# Visual Editor



## algorismi (30. Jul 2010)

Hallo Leute,

habe bis jetzt meine GUI's immer per Hand selbst geschrieben,
nun habe ich mir mal gedacht, den Visual Editor für Eclipse zu benutzen.

Deshalb wollte ich mal wissen, ist es gut einsetzbar und absturzsicher bzw. kann man den Visual Editor auch vernünftig in professionelle Projekte einsetzen?


Gruß
Algorismi


----------



## Tomate_Salat (30. Jul 2010)

algorismi hat gesagt.:


> ist es gut einsetzbar und absturzsicher bzw. kann man den Visual Editor auch vernünftig in professionelle Projekte einsetzen?



Wenn du den meinst den ich meine und ich weis nicht mehr welchen ich meine, dann: Nein.
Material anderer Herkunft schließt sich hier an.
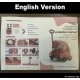 二合一寵物推車（粉色）（含安裝）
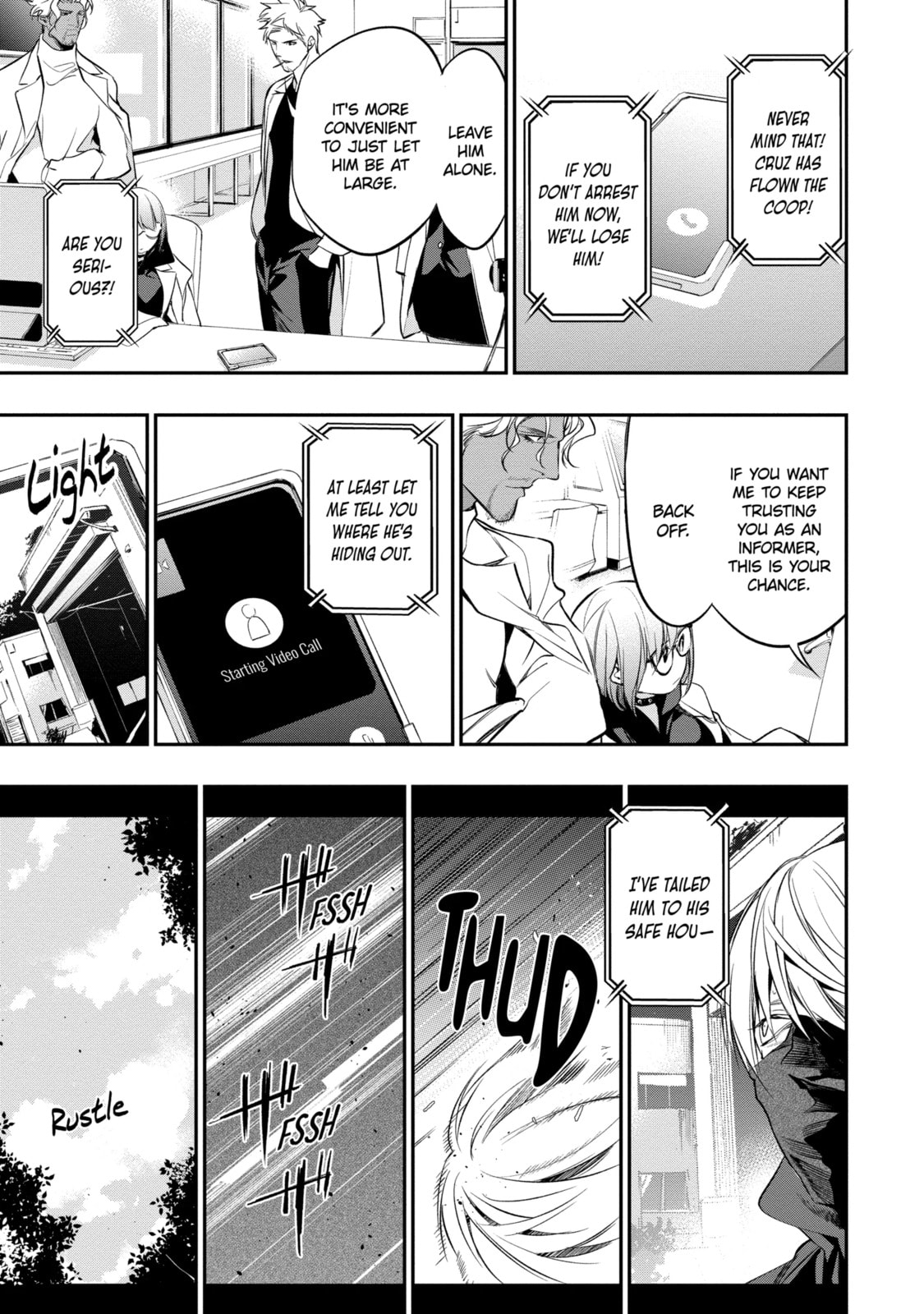 Read Dopeman chapter 12.2 image 8 on Lezhin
Denn den ich in Eclipse genutzt hatte, wird glaub auch garnicht mehr weiterentwickelt. Ich würde eher zum Netbeans-editor raten. Der läuft Stabil, macht was er soll und erlaubt direktes Eingreifen in den Code (auch von der Designer-Ansicht aus)


----------



## algorismi (30. Jul 2010)

Hi Tomate_Salat,

habe mir eben Netbeans angeschaut und den integrierten GUI Editor.
Also der erzeugt schon einen etwas komischen code und ohne weiteres kann man in den generierten Code nicht eingreifen.
Die Abschnitte sind irgendwie gesperrt, gibt es eine Möglichkeit diese Sperrung aufzuheben?
Damit man auch selbst in den Code rumspielen kann?


Gruß
Waheed


----------



## Tomate_Salat (30. Jul 2010)

in den meisten fällen kannst du auf den Button [...] im Eigenschaften-fenster klicken und dort dann im Dropdown: eigener code auswählen.

Dadurch kannst du auch Parameter bestimmen etc. Das schöne: der nimmt auch eigene Beans.

naja, viel mehr kann ich derzeit auch nicht sagen, weil cih mein GUI's mitlerweile ohne Editor baue und der letzte Einstz vom Netbeans GUI Editor mitlerweile einige Monate in der Vergangenheit liegen. 
(Aber ich gebe zu, ich hatte das mit dem "in den code eingreifen" fälschlicherweise ein bisschen anderster in Erinnerung :-/)

Und zum Code: man erkennt eigentl. immer, wenn es ein Editor produziert hat


----------



## algorismi (30. Jul 2010)

hmm....also dann ist es doch besser, wenn ich meine GUI's weiterhin selbst code, also ohne einen GUI editor......


----------



## Tomate_Salat (30. Jul 2010)

Du kannst den schon nehmen. Wenn man sich einarbeitet kann mit dem relativ viel machen. Aber du wirst niemals die Freiheit genießen, wie wenn du selber codest.


----------



## tuxedo (30. Jul 2010)

Also ich hatte weder mit dem VE in Eclipse, noch mit dem Editor in NB irgendwelche Probleme die meine "Freiheit" in der Entwicklung eingeschränkt hätte.

Finde ehrlich gesagt den VE produzierten Code noch angenehmer als den von NB. Von der benutzung her, finde ich allerdings NB besser.

Wirklich große, umfangreiche UIs/Eingabemasken würde ich nicht von Hand basteln wollen.


----------



## Tomate_Salat (30. Jul 2010)

tuxedo hat gesagt.:


> Also ich hatte weder mit dem VE in Eclipse, noch mit dem Editor in NB irgendwelche Probleme die meine "Freiheit" in der Entwicklung eingeschränkt hätte.



ich sagte nicht Eingeschränkt ;-)



> Wirklich große, umfangreiche UIs/Eingabemasken würde ich nicht von Hand basteln wollen.



will glaub ich keiner^^ und bei mir hielt sich das glücklicherweise gut in grenzen^^.


----------